Je te dis qu’elle s’est amourachée de lui à tel point qu’elle en a perdu l’esprit.
Elle m’a eu bientôt oublié.
Toutes les femmes sont les mêmes.
Ce n’est pas l’embarras, je n’ai rien à lui reprocher. Je me suis marié, contre son gré, avec Dalisa ; c’était un motif suffisant pour qu’elle ne pensât plus à moi. Je ne puis me plaindre qu’elle en aime un autre par désespoir.

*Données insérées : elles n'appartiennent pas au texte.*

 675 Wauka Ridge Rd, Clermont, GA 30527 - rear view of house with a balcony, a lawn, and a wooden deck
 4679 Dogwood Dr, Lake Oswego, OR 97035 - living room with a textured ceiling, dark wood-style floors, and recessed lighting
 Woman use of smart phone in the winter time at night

J’entends bien que cela la disculpera avec toi ; mais avec moi elle n’a pas d’excuse. Toi parti et marié, c’était moi qu’elle devait écouter. Voilà deux ans que je l’aime ; et après m’avoir si longtemps détesté pour toi, elle aurait dû recevoir mes vœux, et non pas me dédaigner encore pour un homme arrivé d’hier. — L’ingrate qu’elle est, elle me le préfère, elle le chérit, elle l’adore, — et j’en mourrai.

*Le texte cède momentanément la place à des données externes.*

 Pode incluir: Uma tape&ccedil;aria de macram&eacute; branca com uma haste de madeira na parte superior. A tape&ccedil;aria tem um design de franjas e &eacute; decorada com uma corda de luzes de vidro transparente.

Depuis quand est-il au moulin ?
Il y a un mois environ qu’il est tombé à la maison, pour mon malheur.
Comment s’appelle-t-il ?
Martin.
D’où est-il ?
De Belmirar.
Est-il bien ?
Beaucoup trop bien, ma foi, hélas ! — C’est un homme qui donnerait de la jalousie non pas seulement à des paysans, à des laboureurs, mais aux plus beaux seigneurs de la cour. Avec sa casaque de grosse bure, il est si bien fait et il a de si bonnes manières, que par momens je suis tenté de croire qu’il est un grand personnage. Il est bien de figure, il est courtois ; il joue de la guitare en perfection, et il danse comme un maître. Puis il lance la barre à une lieue[1] ;
- ↑ La barre est une barre de fer longue d’environ deux pieds et de la grosseur du bras. — Il est souvent question de ce jeu, qui pourrait bien être d’origine romaine, dans les anciennes chroniques et dans les vieilles romances espagnoles.